# I search the story about SSBBW Anita



## mdy73 (Nov 18, 2018)

Dears, 

I try to find story (or stories) about Anita (and her sister, if I remember it well). The Anita was quite active, but she was gaining weight almost to the immobility (she has issue to get to car e.g.)... Even her mom and sister were gaining weight. I believe, that the family was from Norway. 

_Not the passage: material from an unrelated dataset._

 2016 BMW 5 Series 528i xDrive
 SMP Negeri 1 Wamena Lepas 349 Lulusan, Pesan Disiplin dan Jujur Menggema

Thank you in advance for the help...


----------



## agouderia (Nov 19, 2018)

Is this it - from the way-back library?

https://web.archive.org/web/2017051...m:80/Weight_Room/stories/anita_norwegian.html


----------



## mdy73 (Nov 20, 2018)

agouderia said:


> Is this it - from the way-back library?
> 
> https://web.archive.org/web/2017051...m:80/Weight_Room/stories/anita_norwegian.html


Yes, you are right. I believe, that there was even story about Rebeka, Anita's sister... Hopefully I will find it as well...


----------



## agouderia (Nov 21, 2018)

... and here it is

https://web.archive.org/web/2017061...azine.com:80/Weight_Room/stories/rebecca.html


----------



## mdy73 (Nov 21, 2018)

Thank you! Web archive looks as very interesting resource. I need to try to use it...


----------